> **WHAT TO PRODUCE**
The data must be given again exactly as written, with all images omitted.

> **MATERIAL PROVIDED**
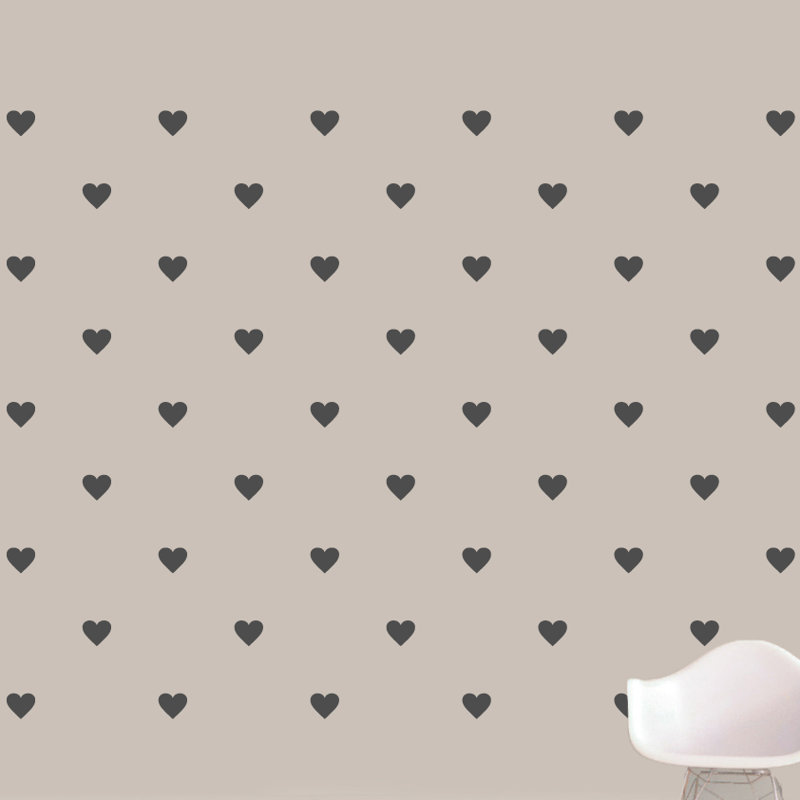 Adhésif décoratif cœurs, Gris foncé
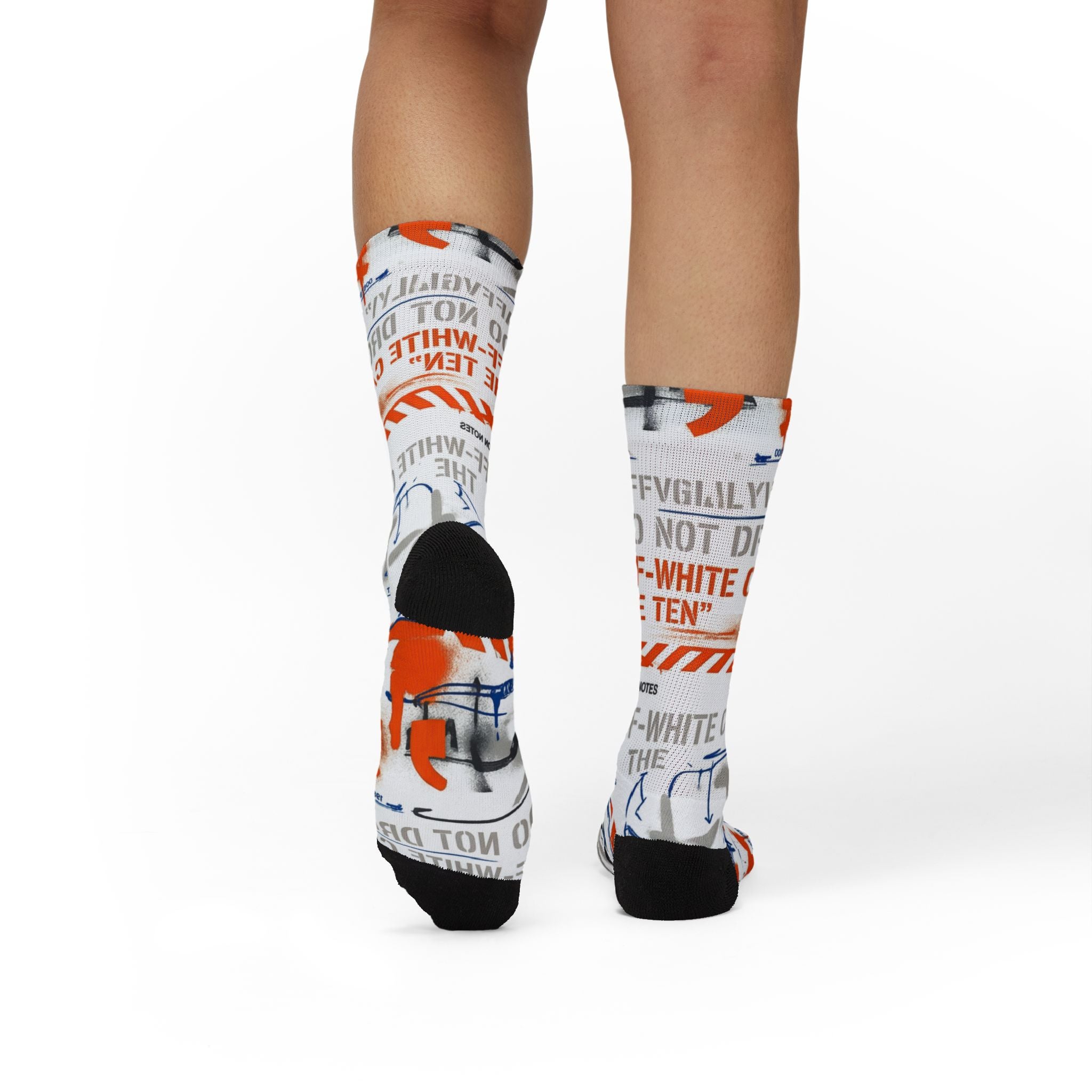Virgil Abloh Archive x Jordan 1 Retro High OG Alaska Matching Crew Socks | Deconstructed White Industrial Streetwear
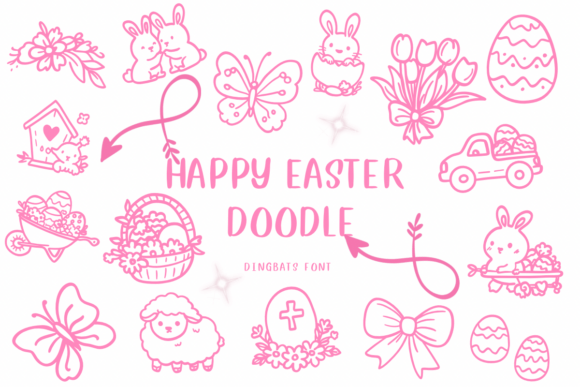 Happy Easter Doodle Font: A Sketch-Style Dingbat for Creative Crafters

> **FINAL ANSWER**
 Adhésif décoratif cœurs, Gris foncé
Virgil Abloh Archive x Jordan 1 Retro High OG Alaska Matching Crew Socks | Deconstructed White Industrial Streetwear
 Happy Easter Doodle Font: A Sketch-Style Dingbat for Creative Crafters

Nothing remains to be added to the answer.